A better way to improve their wages is to provide them the opportunity to acquire skills that will allow them to find a better-paying job, so that the cashier at a fast-food restaurant making $9 an hour can become a dental hygienist making $30; so that the home health aide making $10 an hour can become a registered nurse making $70,000 a year.
Ultimately, to benefit all Americans, especially young Americans saddled with student loans and workers stuck in low-paying jobs, what we really need are measures that help us achieve a thriving free market economy — an economy that creates millions of jobs that pay $40, $50, or more, an hour.
And we need a 21st-century system of higher education that equips all of our people — not just those who have $50,000 and four years to spare — with skills they need to fill these 21st-century jobs.
I’ve spent much of the year proposing reforms to achieve these goals. They will make higher education more accessible to everyone, from single moms to working parents to young Americans with limited resources.

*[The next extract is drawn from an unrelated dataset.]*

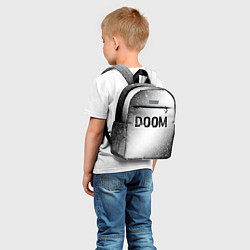 Детский рюкзак Doom glitch на светлом фоне: символ сверху, цвет: 3D-принт — фото 2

And instead of a minimum wage increase, my reforms will institute a wage enhancement credit that will help low-income Americans without burdening employers.
My proposals will spur the sort of transformative innovation that has always characterized the American free-enterprise system — the kind that led to the creation of the airplane, the personal computer and the Internet in the last century, and that has the potential to create new industries in this century that we haven’t even begun to imagine.